RAW DATA –

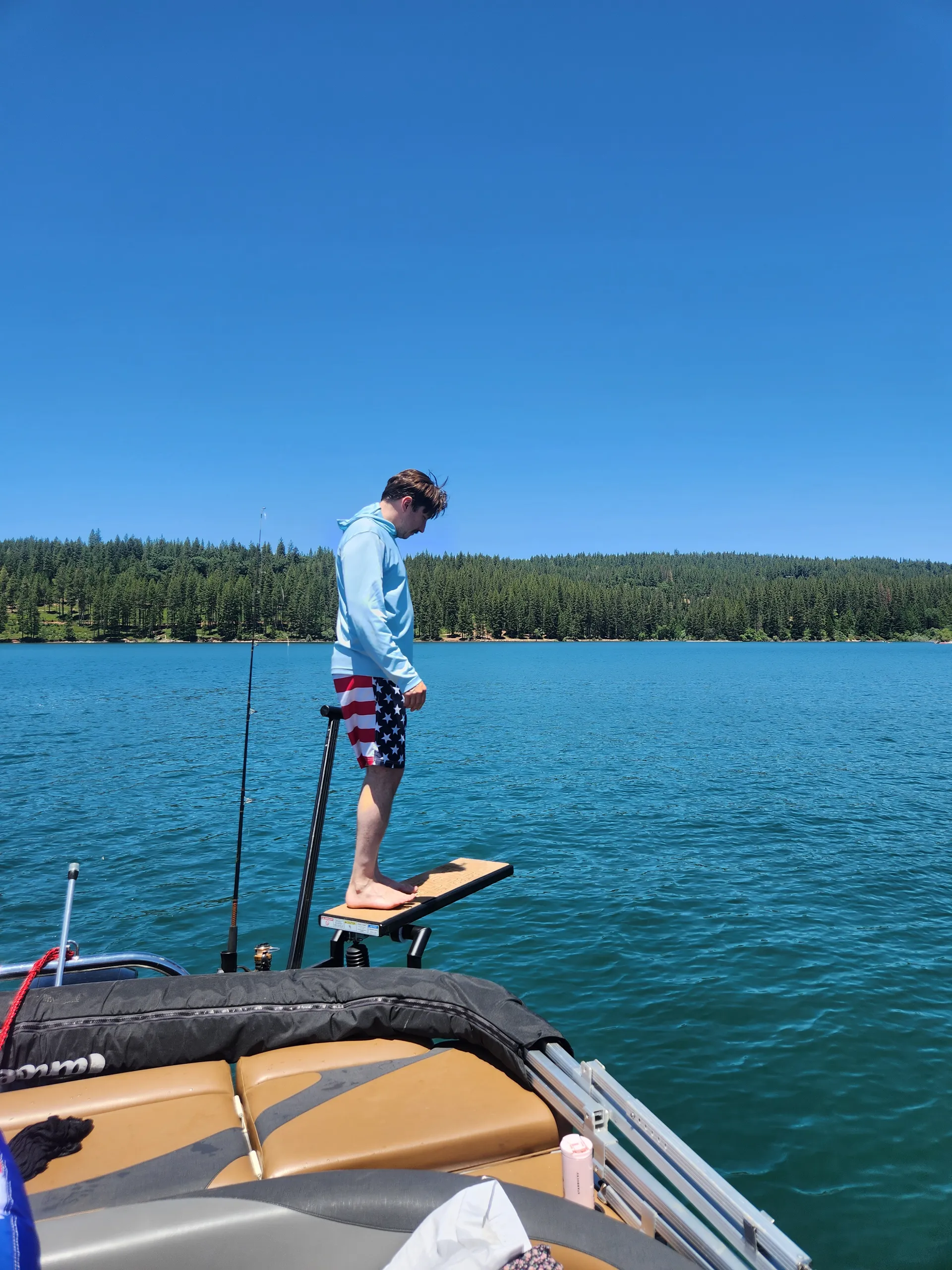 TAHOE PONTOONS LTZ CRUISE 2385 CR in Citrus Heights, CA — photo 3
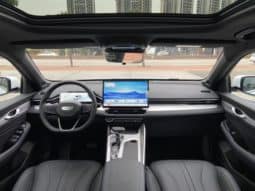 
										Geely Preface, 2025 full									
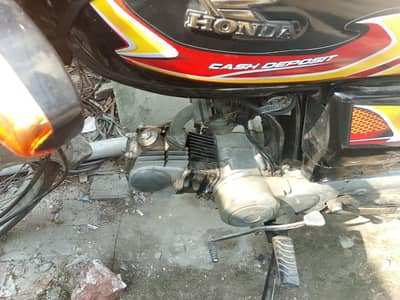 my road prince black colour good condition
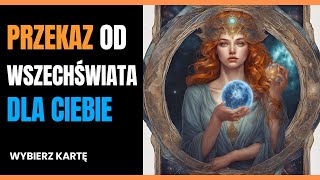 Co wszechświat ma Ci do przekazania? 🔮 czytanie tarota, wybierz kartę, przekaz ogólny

PROBLEM TO WORK ON – Omit any images, then output the listing exactly.

YOUR RESPONSE –
 TAHOE PONTOONS LTZ CRUISE 2385 CR in Citrus Heights, CA — photo 3
										Geely Preface, 2025 full									
 my road prince black colour good condition
 Co wszechświat ma Ci do przekazania? 🔮 czytanie tarota, wybierz kartę, przekaz ogólny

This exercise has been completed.